Una de las primeras cosas que pensó Pablo tras el accidente fue quién se ocuparía de Manolo mientras él no estuviera en las calles. Le angustiaba la distancia. “Es que él me acompaña, me trae las botellas de plástico con la boca, le doy de comer, paseamos por la avenida, los comerciantes lo saludan... Es mi gran compañero”, dice. Entonces se le ocurrió un plan.
Mientras Pablo continúa con su recuperación en su casa ribereña de La Vuelta del Paraguayo, es su hijo César, de 26 años, quien visita a Manolo y se ocupa de él. César también trabaja como barrendero en Urbafé. Lo que hizo este amigo fiel fue pedir a la empresa que le cambie a su hijo el sector de trabajo, para que pueda estar con el perro. Así, Pablo está más tranquilo, con la certeza de que Manolo lo extraña un poco menos.
En tiempos de crisis, cuando la incertidumbre y la desesperanza ocupan el centro de la escena, las historias mínimas, humanas y cotidianas se vuelven urgencia. Estos relatos de gente común, aparentemente simples, permiten reconectar con lo esencial: la empatía, la resiliencia, la ternura y la dignidad en medio del caos. Al visibilizar gestos anónimos, vínculos silenciosos o rutinas que resisten, se construye una narrativa alternativa al miedo y al desamparo. Son estos fragmentos de vida los que sostienen el tejido social y devuelven una forma de esperanza concreta, tangible, capaz de recordarnos que aún en la adversidad, la humanidad persiste.
“En la empresa todos saben de Manolo y no dudaron en tomar la decisión. Llamaron a mi hijo y le indicaron que vaya a barrer mi zona”, cuenta. “El perro lo sigue, juega con él y le mueve la cola. Debe olfatear la familia... sabe quién es”.
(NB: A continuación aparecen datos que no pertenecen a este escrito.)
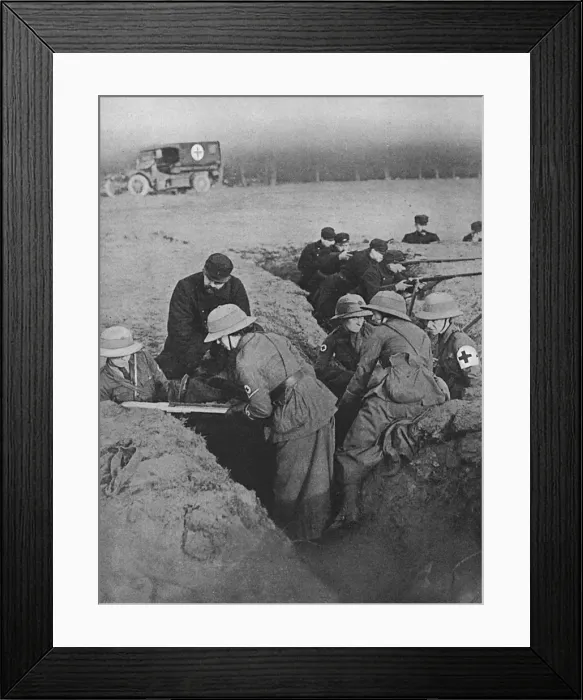Framed Print : First Aid Nursing Corps in the trenches, 1915 Framed Print : First Aid Nursing Corps in the trenches, 1915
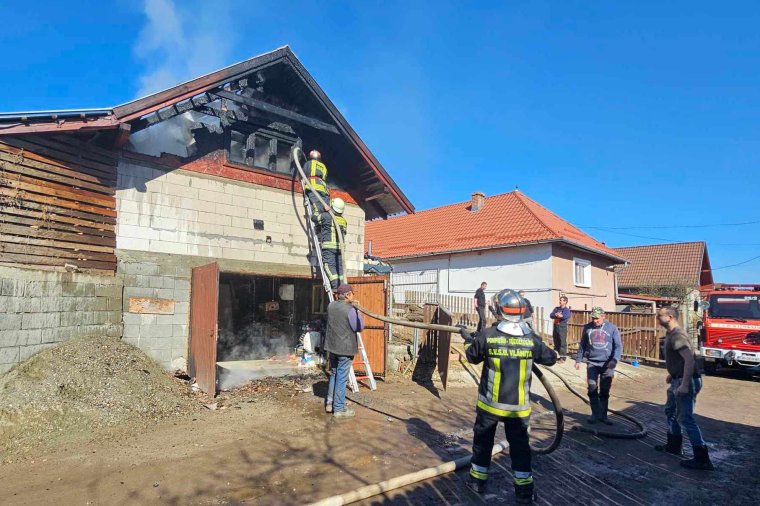 Még haza sem értek a raliról, máris tűzhöz riasztották a szentegyházi tűzoltókat – fotók, videó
“Hace como siete años que estoy en la empresa, y cuando pasó esto no dudé un segundo en venirme para acá, para estar con Manolo”, cuenta César, que antes barría la zona de Esquiú y Roca. “Mi viejo lo re cuida: lo lleva a vacunar, lo desparasita, lo baña, le pone ropita”, enumera. “Sé que se quieren un montón. Ahora lo cuidamos los dos”.
“La empresa siempre nos apoyó, porque saben lo importante que es este perrito. El jefe de Recursos Humanos, los supervisores, todos están al tanto del cariño que se tienen”, agrega. “Es muy lindo trabajar así. El perro es feliz, lo tenemos gordito, te hace caso y es fiel. Es hermoso tenerlo a Manolo”.
Mientras tanto, Pablo continúa con su recuperación, ansioso por reencontrarse con su amigo. En su casa, en el distrito costero —sin nombre de calle ni número— tiene dos perros propios, otros tantos callejeros que van a comer y jugar en su patio de tierra. “A ninguno le falta comida”, dice con orgullo. “Tampoco a los cinco gatos”. El hombre de rulos, al que su abuelo apodó “Cambá”, vive en la isla y conoce bien la ciudad. Recorrió durante 15 años los barrios de Santa Fe subido al camión recolector de residuos, antes de comenzar a barrer las calles.
—¿Los días que no van a barrer la zona, con quién se queda Manolo?
—A Manolo me lo tiene una señora en un garaje. Como es vago, de la calle, no sabe estar encerrado. Lo traje varias veces a mi casa, en la Vuelta del Paraguayo, y no se queda. Es vago —repite—, quiere andar.
—¿Qué es Manolo para vos?
—Un montón —dice y se queda en silencio—. Se me quiebra la voz, amigo…
—¿Es un compañero?
—Sí, más que un compañero. Ahora que tenemos horario de invierno, empezamos a barrer a las 6 y él está ahí, esperándome. En verano, empezamos a las 5 y ya está ahí. Siempre. Siempre me esperó.
Más tarde, Pablo muestra una foto en la que le está convidando una cucharadita de helado al perro. “Nuestra parada para descansar y comer algo es la esquina de la heladería de Aristóbulo y Llerena. Pero todos los comerciantes de la avenida le dan algo y lo cuidan”, cuenta, y enumera una larga lista de negocios. “Todos lo quieren a Manolo. A la panadera le costó entender que las dos facturas diarias o el pebete que le compro son para el perro, hasta que un día salió y lo vio… y entendió todo”.
—¿Te vino a visitar?
—No, no, porque mi hijo se maneja en moto, no tiene cómo traérmelo.
—Se hace larga la espera…
—No veo la hora de subirme a un auto para ir a verlo. Porque, más allá del trabajo, por las tardes me iba a verlo. Éramos como una pareja: nos veíamos y después cada uno para su casa (risas).